2. A thermal expansion valve including a refrigerant passage formed
to the interior thereof extending from an evaporator to a
compressor constituting a refrigerant cycle, and a temperature
sensing/pressure transmitting member formed within said passage
having a temperature sensing function and comprising a hollow
portion formed therein, said thermal expansion valve controlling
the opening of a valve according to the temperature of a
refrigerant detected by said temperature sensing/pressure
transmitting member, wherein a working fluid which varies its
pressure according to said temperature is sealed inside said hollow
portion, and an adsorbent having pore sizes fit for the molecular
sizes of said working fluid is placed inside said hollow
portion.
3. A thermal expansion valve including a temperature sensing pipe
for sensing the temperature of a refrigerant at the exit of an
evaporator constituting a refrigeration cycle, said thermal
expansion valve controlling the opening of a valve according to
said refrigerant temperature sensed by said temperature sensing
pipe, wherein a working fluid which varies its pressure according
to said temperature is sealed inside said temperature sensing pipe,
and an adsorbent having pore sizes fit for the molecular sizes of
said working fluid is placed inside said hollow portion.
4. A thermal expansion valve according to claims 1, 2 or 3, wherein
said adsorbent is an activated carbon made of phenol.
5. A thermal expansion valve including a refrigerant passage formed
to the interior thereof extending from an evaporator to a
compressor, and a temperature sensing/pressure transmitting member
formed within said passage having a temperature sensing function
and comprising a hollow portion formed therein, wherein the end of
said hollow portion of the temperature sensing/pressure
transmitting member is fixed to the center opening of a diaphragm
constituting a power element for driving said member, an upper
pressure chamber formed by said diaphragm to the interior of said
power element and said hollow portion being connected to form a
sealed space in which a working fluid is sealed, and wherein an
adsorbent having pore sizes fit for the molecular sizes of said
working fluid is placed inside said hollow portion.
6. A thermal expansion valve comprising a power element having a
diaphragm being displaced according to the change in the pressure
transmitted from a heat sensing pipe, a working fluid which
converts temperature into pressure being sealed to the interior of
said pipe, and a working shaft contacting said diaphragm at one end
and displacing a valve member at the other end, wherein an
adsorbent having pore sizes fit for the molecular sizes of said
working fluid is placed inside said temperature sensing pipe.
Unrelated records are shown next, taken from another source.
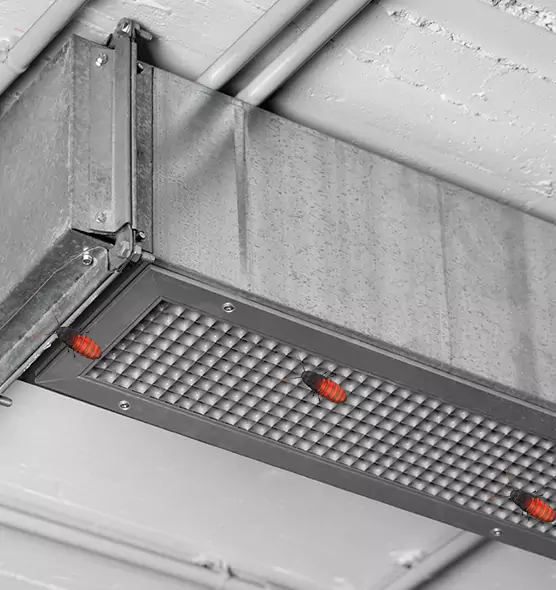 About Air Duct Cockroach Removal in Clarksdale, MS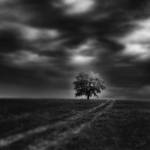 -Finding the way to a home- by Janek-Sedlar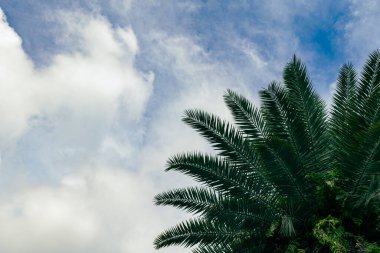Mavi gökyüzüne karşı palmiye ağacı ve arka planda bulutlar. Hindistan cevizi ağacı tropikal iklimde görüntü bırakır.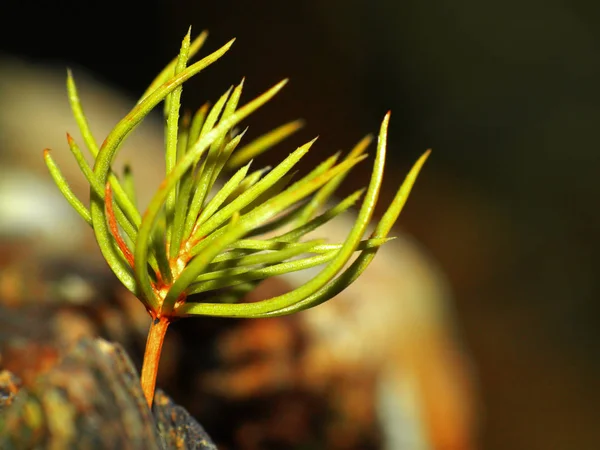 Krásný Botanický Záběr Přírodní Tapety — Stock fotografie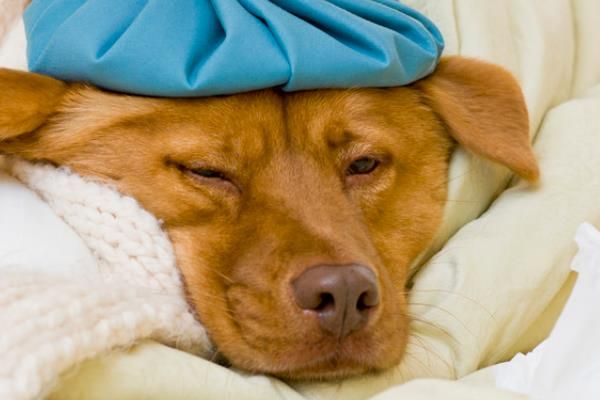 犬蛔虫病简介，寄生部位因狗的年龄而异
7. A thermal expansion valve according to claim 5 or claim 6,
wherein said adsorbent is an activated carbon made of phenol.
8. A thermal expansion valve according to claims 1, 2 or 3, wherein
said adsorbent is an activated carbon having a pore size
distribution with a pore radius peak in the range of 1.7 to 5.0
times the molecular sizes of said working fluid.
Description
FIELD OF THE INVENTION
[0001] The present invention relates to a thermal expansion valve
used for controlling the flow of the refrigerant and for reducing
the pressure of the refrigerant being supplied to the evaporator in
a refrigeration cycle.
DESCRIPTION OF THE RELATED ART
[0002] A conventionally-used thermal expansion valve is formed as
shown in FIGS. 4 and 5.
[0003] In FIG. 4, a prismatic-shaped valve body 510 comprises a
first refrigerant passage 514 to which an orifice 516 is formed,
and a second refrigerant passage 519, which are formed
independently from each other. One end of the first refrigerant
passage 514 is communicated to the entrance of an evaporator 515,
and the exit of the evaporator 515 is communicated through the
second refrigerant passage 519, a compressor 511, a condenser 512,
and a receiver 513 to the other end of the first refrigerant
passage 514. A valve chamber 524 communicated to the first
refrigerant passage 514 is equipped with a bias means 517, which in
the drawing is a bias spring for biasing a spherical valve member
518. The valve member 518 is driven to contact to or separate from
an orifice 516. The valve chamber 524 is sealed by a plug 525, and
the valve member 518 is biased through a support unit 526. A power
element 520 with a diaphragm 522 is fixed to the valve body 510 in
a position adjacent to the second refrigerant passage 519. An upper
chamber 520a formed to the power element 520 and defined by a
diaphragm 522 is air-tightly sealed, and within the upper chamber
is sealed a temperature-responsive working fluid.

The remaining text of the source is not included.